Given the shortcomings in the description (esp. no overview of model or examples of data, no arguments as to why these data are good to have exposed as Linked Data) and the dataset (esp. problems with dereferenceability and lack of re-use of vocabularies), I cannot recommend an accept at this time.

Solicited review by Michael Hausenblas:

Overall the paper is a valid contribution and on-topic but has some presentation issues that should be addressed before it gets accepted.

The authors describe the publishing of the European television archives dataset through the EUscreen project at http://lod.euscreen.eu/ and provide insights into design decisions in the process. The dataset is relevant and of high quality, the potential usefulness is given (although could be extended beyond one use case). The dataset description seems complete but lacks clarity.

## Core DSD
Core questions concerning the DSD including licensing and availability are listed.

## Publishing and metrics
The authors clearly described the coverage and provided relevant metrics as well as discussed the access methods in Section 4. It appears to me that the authors performed a manual interlinking task ("the names of the local dataset countries were compared using SPARQL [7] to names of the countries resources served by DBpedia." in Section 4.2) - it would be good to highlight why this has been done and if semi-automatic approaches such as Silk or Limes could be useful.

## Examples, modeling patterns and shortcomings
Examples are provided (though one representative, complete example in RDF/Turtle syntax or as a graph figure might be beneficial to include) and the modeling process including the design decisions is present. I did not find a proper discussion about shortcomings of the dataset, though.

## What is missing
Besides a 'related work' section the authors have covered the relevant parts, content-wise. The main issue I have is with the presentation (see below).

## Editorial comments
Although the use of English is not too bad, the paper would benefit from another round of proof-read, ideally from a native speaker. In addition the article is somewhat wordy - I will provide concrete suggestion what could be cut down in the following.

Presentation:

Section 1 and Section 2 provide the background and should be dramatically shortened into one section. For example, the entire history (around EBUcore to MPEG7) can be removed as not directly relevant. Then, in Section 2 there is IMO no need to go into the details of the EUscreen project consortium and goals. Simply describe the topics in one paragraph (listing at the end of the section is core, I think).
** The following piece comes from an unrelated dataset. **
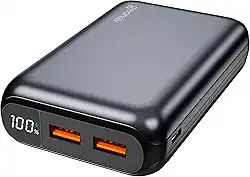 Geonav Power Bank, Carregador Portátil Universal 20.000mAh, USB-A (até 18W) + USB-C (até 20W), Compacto, Carregamento Rápido, Pass Through, Led Indicador de Bateria, PB20K20WSG, Cinza espacial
Section 3 contains a number of not relevant descriptions, can be cut down, for example the entire paragraph "Registered users can start by uploading their metadata records in XML or CSV serialization, using the HTTP, FTP and OAI-PMH protocols. Users can also directly upload and validate records in a range of supported metadata standards (XSD). XML records are stored and indexed for statistics, previews, access from the mapping tool and subsequent services. Handling of metadata records includes indexing, retrieval, update and transformation of XML files and records. XML processors are used for validation and transformation tasks as well as for the visualization of XML and XSLT." can be stated in one short sentence.

In Section 4.1, the sentence "The complete set of properties and classes used for the mapping of all the harvesting schema's elements can be found at https://docs.google.com/spreadsheet/ccc?key=0Akru w5a0_oaLdEQyMl85NVQxZ2lmT00wcVU4ZVRJZ 0E&hl=en_US#gid=3" is sort of poor in terms of presentation - can this be made available via a nicer location and in a better digestible format?

In Section 4.2, I suggest to remove "External RDF links are crucial for the Web of Data as they are the glue that connects data islands into a global, interconnected data space [5]." as it is a generic statement and doesn't add anything here.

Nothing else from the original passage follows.